"I could bear it no longer," she answered.

"Many a one has thought that before you," he said; "but God alone knows what we can not bear until we are tried."

"Well, all is over now," she repeated listlessly.

She spoke of herself as if her days were already ended and past; as if her orb of life had been rounded by the brief span of the little existence that lay finished upon the bed. Hugh Ritson looked at her, and the muscles of his face twitched. Her weary eyes were still dry; their dim light seemed to come from far away.

"How I prayed that I might see my Ralphie," she said. "I thought surely God had willed it that I should never see my child. Perhaps that was to be my punishment for—all that had taken place. But I prayed still. Oh, you would not think how much I pray! But it must have been a wicked prayer."

She hid her face once more in her hands, and added, with unexpected animation:

"God heard my prayer, and answered it—but see!" She pointed to the child. "I saw him—yes, I saw him—die!"

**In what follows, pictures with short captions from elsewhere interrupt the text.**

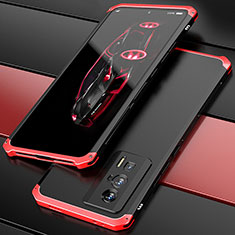 Luxury Aluminum Metal Cover Case 360 Degrees P01 for Xiaomi Poco F5 Pro 5G Red and Black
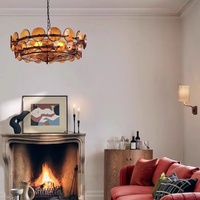 Lustre LED vintage en verre brun de Murano, design français, avec cadre en fer, pour salon, chambre et salle à manger
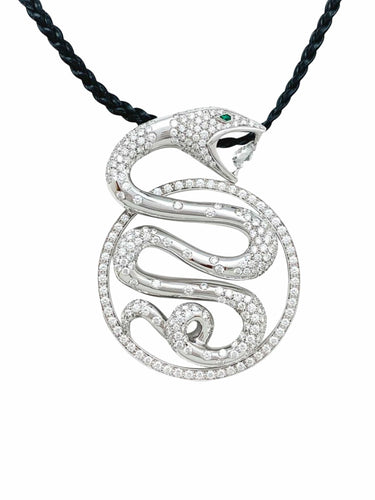 Pendentif Pendentif Boucheron, "Trouble", or blanc, diamants et émeraudes. 58 Facettes 29897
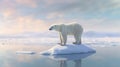 This generative AI image exhibits a polar bear on a small ice cap, surrounded by scattered small ice formations, indicative of Royalty Free Stock Photo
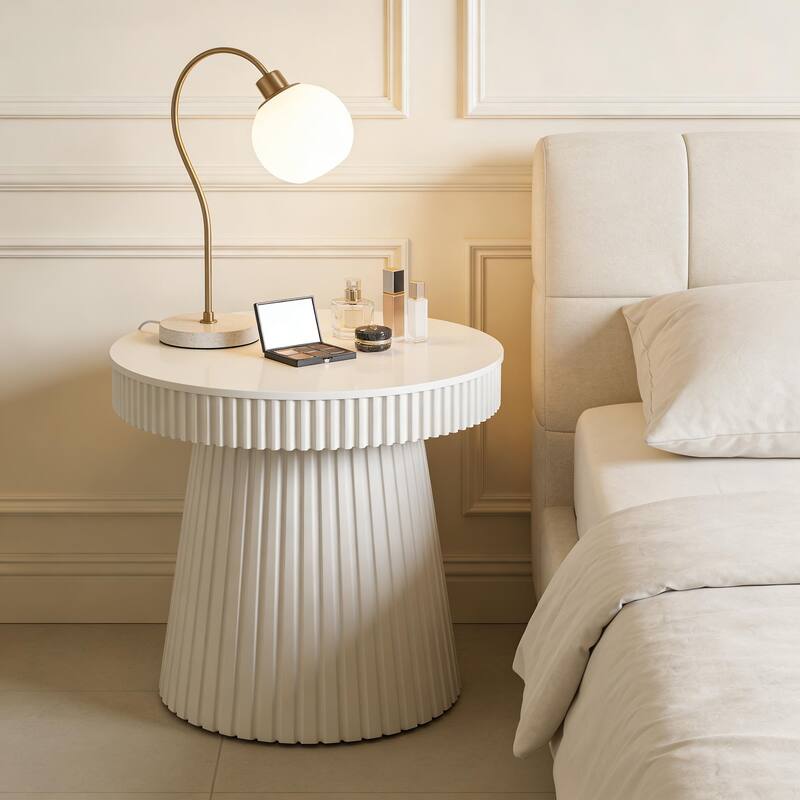 31.5 Inches Modern End Table, Round Accent Side Table, Small Dining Table, Nightstand & Bedside Table for Living Room, Bedroom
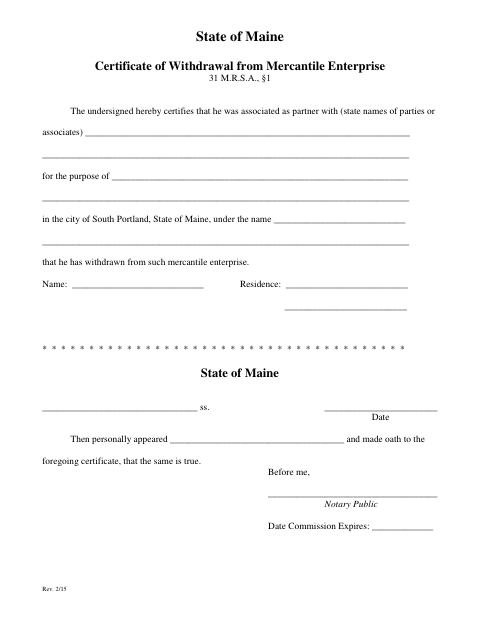 First page of the Certificate of Withdrawal from Mercantile Enterprise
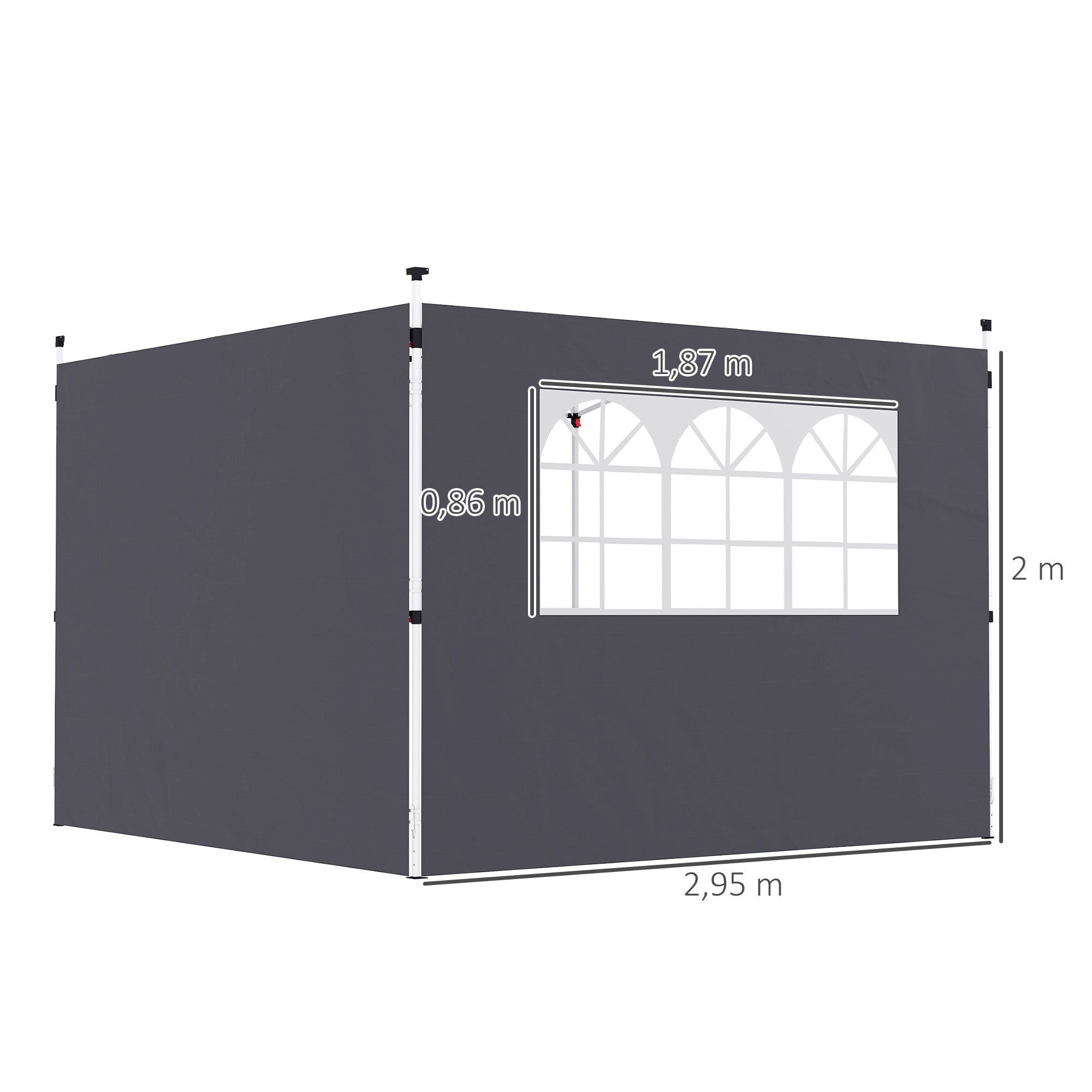 Side Panels for Garden Pavilion 3 x 3 m Pavilion Side Walls with Window Set of 2 pieces Oxford 210D Dark Grey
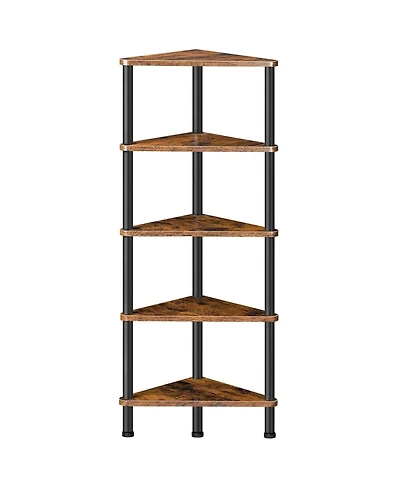 Slickblue Space-Saving Industrial Corner Bookcase with 5 Open Storage Shelves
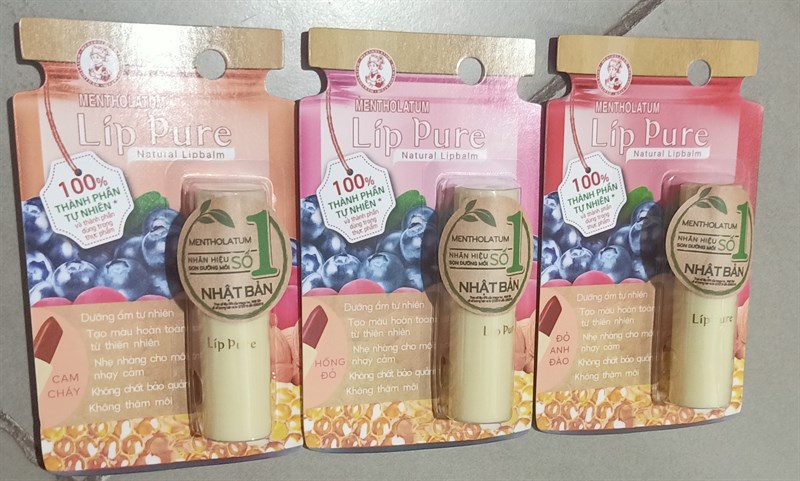 Son dưỡng môi Lip pure 3,8g - Hồng đỏ, cam cháy, đỏ anh đào - Rohto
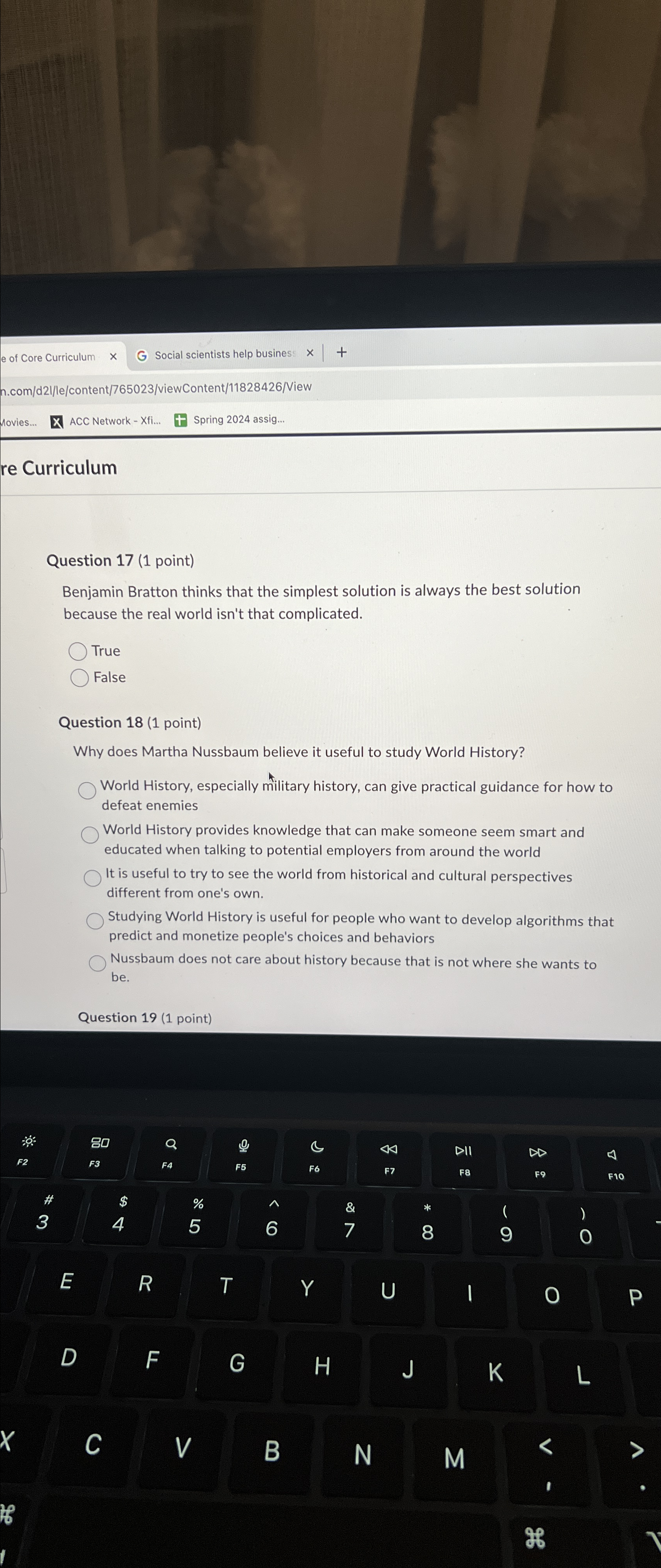  re Curriculum Question 17(1 point) Benjamin Bratton thinks that the simplest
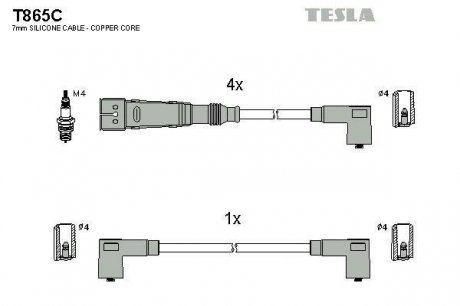 Комплект высоковольтных проводов Tesla T865C (фото 1)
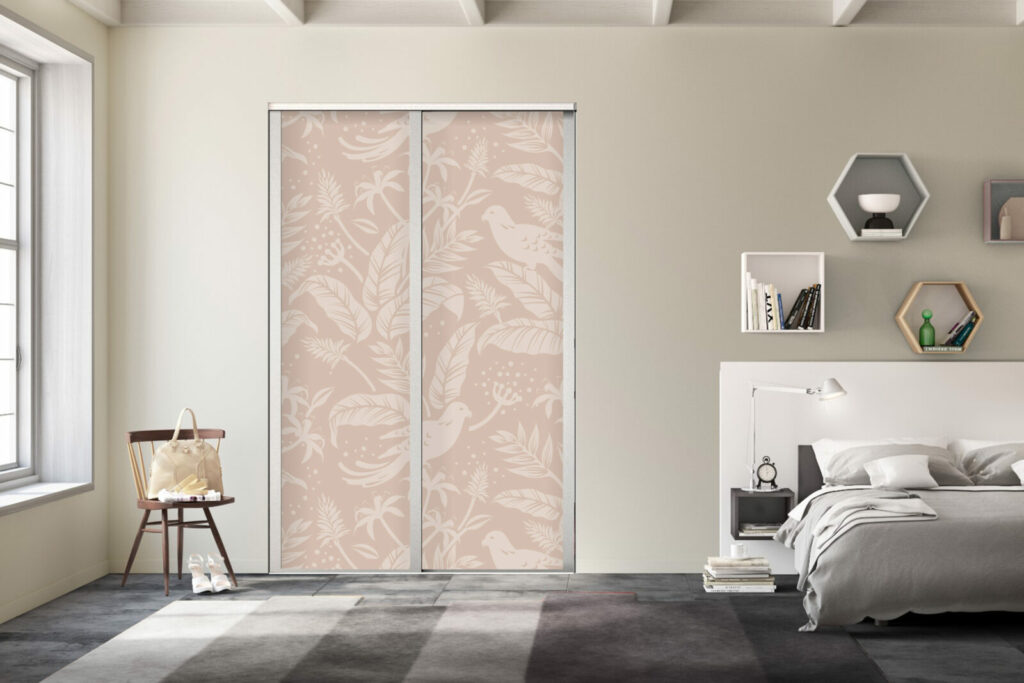 Papier peint à encoller oiseau perroquet feuilles - pas cher – portes de placard coulissantes - haut de gamme - Beige - chambre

Hugh Ritson was moved, but his heart was bitter. At that moment he cursed the faith that held in bondage the soul of the woman at his side. Would that he could trample it underfoot, and break forever the chains by which it held the simple.

"Hugh," she said, and her voice softened, "we are about to part forever. Our little Ralphie—yours and mine—he calls me. I could not live without him. God would not make me do that. He has punished me already, and He is merciful. Only think, our Ralphie is in heaven!"

She paused and bit her lip, and drew her breath audibly inward. Her face took then a death-like hue, and all at once her voice overflowed with anguish.